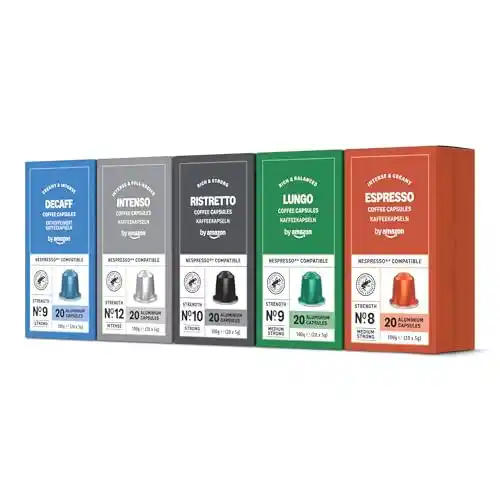 Pack 100x Cápsulas de café Variado by Amazon compatibles con Nespresso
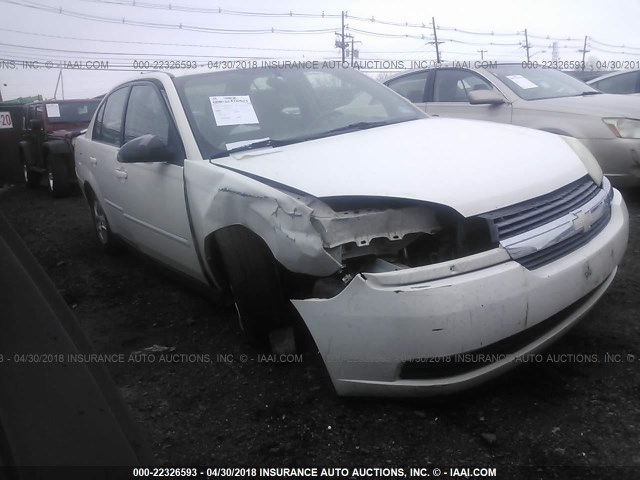 1G1ZT54885F126275 - 2005 CHEVROLET MALIBU LS 白色 照片 1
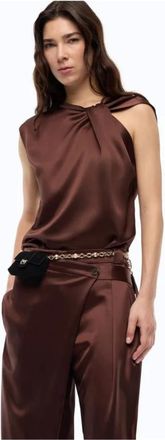 Pinko Pinko, Donna, Camicette, Marrone, S, new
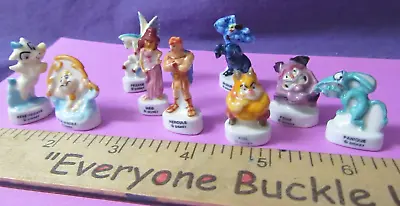 Rare Disney Hercules Porcelain Miniature Figurines Complete Set • $40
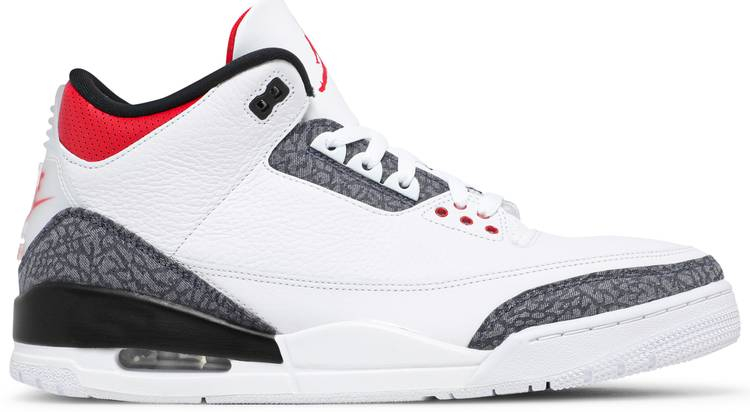 Best Replica Air Jordan 3 Retro Denim SE  Fire Red  CZ6431-100 - Colareps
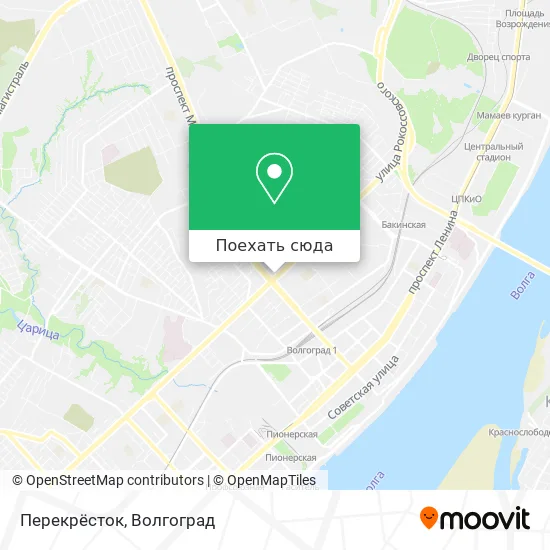 Карта Перекрёсток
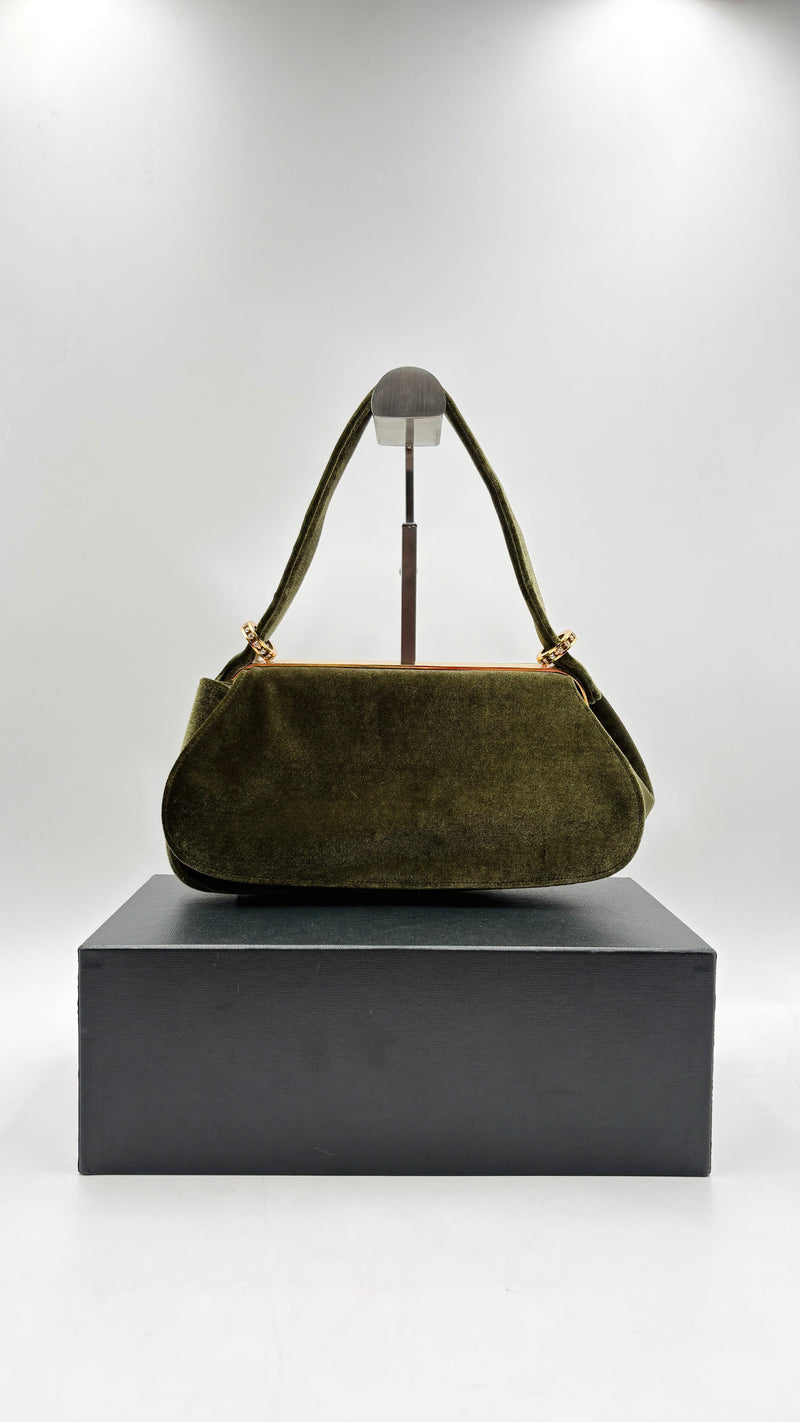 Borsa in velluto verde IMPORTATO dA VENEZIA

## To do
Once the line containing "Rare Disney Hercules" is found, write out exactly that line and each line after it through the end of the entries, omitting pictures.

## Solution
 Rare Disney Hercules Porcelain Miniature Figurines Complete Set • $40
 Best Replica Air Jordan 3 Retro Denim SE  Fire Red  CZ6431-100 - Colareps
 Карта Перекрёсток
 Borsa in velluto verde IMPORTATO dA VENEZIA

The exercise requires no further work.